Steady Townsend Letter readers are familiar with Dr. Gaby's "Literature Review and Commentary" column and his editorials – both long-running features in this national monthly, whose cover advertizes it as "The Examiner of Alternative Medicine."

I've been researching and writing about hypothyroidism for more than a year. Exactly a year ago, I published a column, "Dr. Raphael Kellman on the Need for TRH Testing for Low Thyroid" (Townsend Letter, April 2010). In that column, Dr. Kellman, an holistic internist in Manhattan, claimed that Americans are dealing with an epidemic of low thyroid disease, which commonly used tests, he says, often fail to detect.

Dr. Kellman also stated that he has evaluated some 13,000 patients over 15 years for low thyroid with a test that fell out of vogue after most physicians switched to the TSH and T3 and T4 assays. It is the TRH stimulation test. (TRH stands for thyrotropin releasing hormone, secreted by the hypothalamus gland in the brain.) In my April 2010 column on Dr. Kellman, I neglected to credit him with arranging some 10 years ago for a chemical company to produce TRH for this test.
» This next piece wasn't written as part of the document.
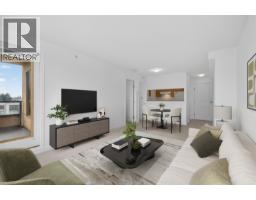 702 5288 MELBOURNE STREET, Vancouver, British Columbia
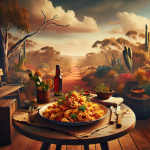 Outback Walhalla Pasta Recipes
I reached Dr. Gaby by phone, explained that I was about to write another column about hypothyroidism, and he kindly e-mailed me a copy of an article he published in 2004; that article, he said, served as the basis for his chapter on low thyroid in Nutritional Medicine.1 My research on hypothyroidism lately has latched on to environmental pollutants, particularly endocrine disrupters. Dr. Gaby's 2004 article and the chapter in his book (published in November 2010) both "discuss the concept of toxins interfering with the action of thyroid hormone."2

Endocrine disruptors, simplistically defined, are synthetic chemicals absorbed into the body which afterward mimic or block hormones. They can alter normal hormone levels, halt or stimulate the production of hormones, or change the way hormones travel through the body, affecting the functions that these hormones control. Many pesticides and plasticizers are suspected endocrine disruptors.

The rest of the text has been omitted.